Note that if $A$ is finite, then by the above result applied to
$g:B\rightarrow A$, $B$ is finite; likewise if $B$ is finite, then
by the above result applied to $f:A\rightarrow B$, $A$ is finite, so
from the premise that at least one of these two sets is finite, we
may conclude that both are.
Now, by injectivity of $f$, it follows that $|A|\leq |B|$, and by
injectivity of $g$, it follows that $|B|\leq |A|$. Thus $|A|=|B|$;
let us denote the size of $A$ by $n$, so that $|A|=|B|=n$. Then we
may assign names to the $n$ distinct elements of $A$ and $B$ as
such: let $A=\{a_1,a_2,\ldots,a_n\}$ and $B=\{b_1,b_2,\ldots,b_n\}$,
and now we can build a bijection by simply letting $h(a_i)=b_i$ for
each $i$ in $1,2,\ldots, n$. This is clearly injective, since if
$i\neq j$, then $a_i\neq a_j$ and $b_i\neq b_j$; likewise it is
surjective, since for each $b_i\in B$, we have that $f(a_i)=b_i$.
\end{proof}
Of course, for infinite sets, we have no such convenient notion of
``size'', and even the idea that we could label the elements of $A$
and $B$ in order turns out to be subtly flawed.
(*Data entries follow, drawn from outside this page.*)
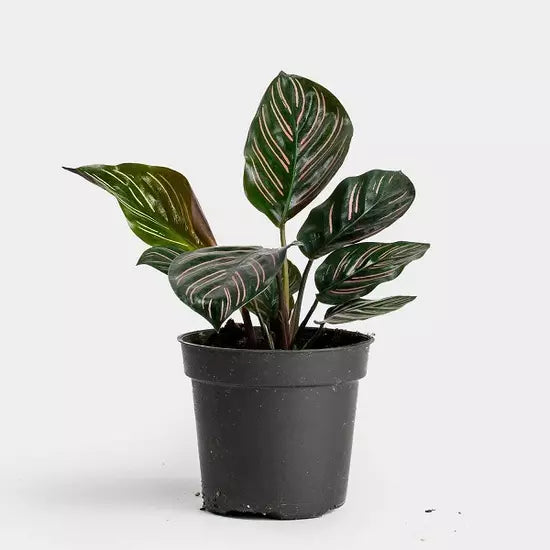 Calathea Ornata Pinstripe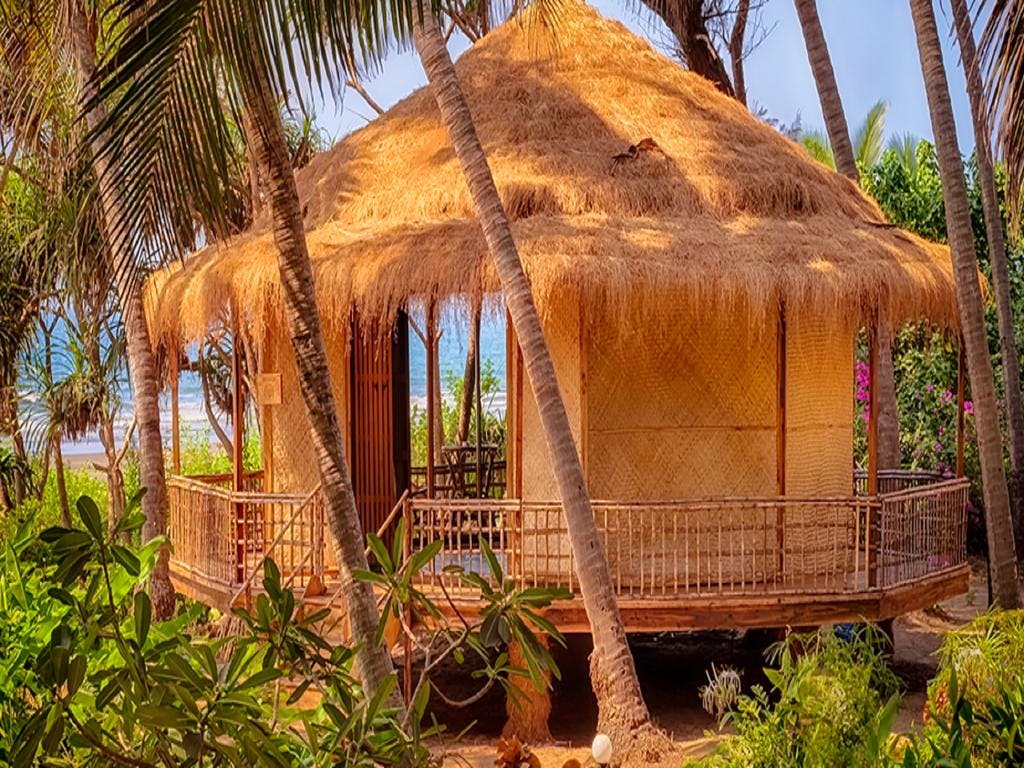 Hut,Thatching,Shack,Jungle,Tree,Cottage,House,Eco hotel,Building,Palm tree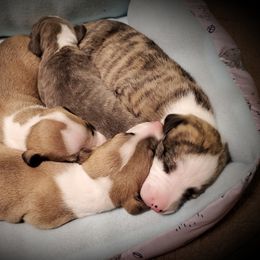 Whippet Puppies from Mohr Whippets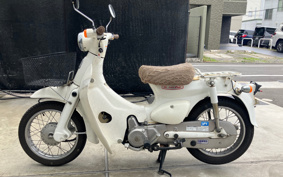 HONDA LITTLE CUB AA01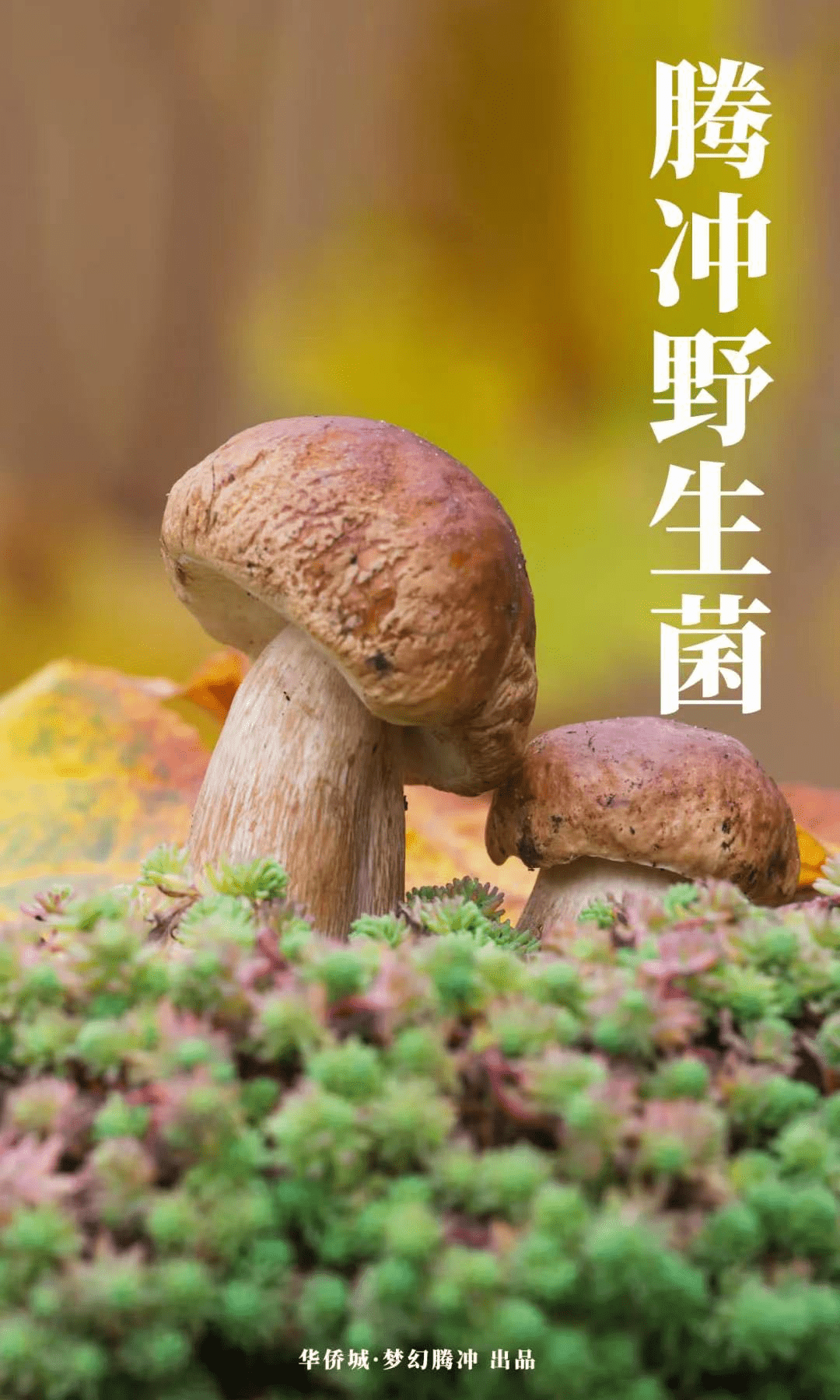 腾冲野生菌王国知多少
So we must be much
more careful in our actual proof. The following proof is based on
K\"onig's argument; the previous proofs were more technical and used
some unusual set-theoretical axioms.
\section{The Zig-Zag Sequence and Partition of $A$}
One key mechanism we will use is what might be called a ``zig-zag
sequence'' built from the given injections $f:A\rightarrow B$ and
$g:A\rightarrow A$. We will construct sequences which partition $A$
and $B$, and on each part of this partition we'll build a bijection.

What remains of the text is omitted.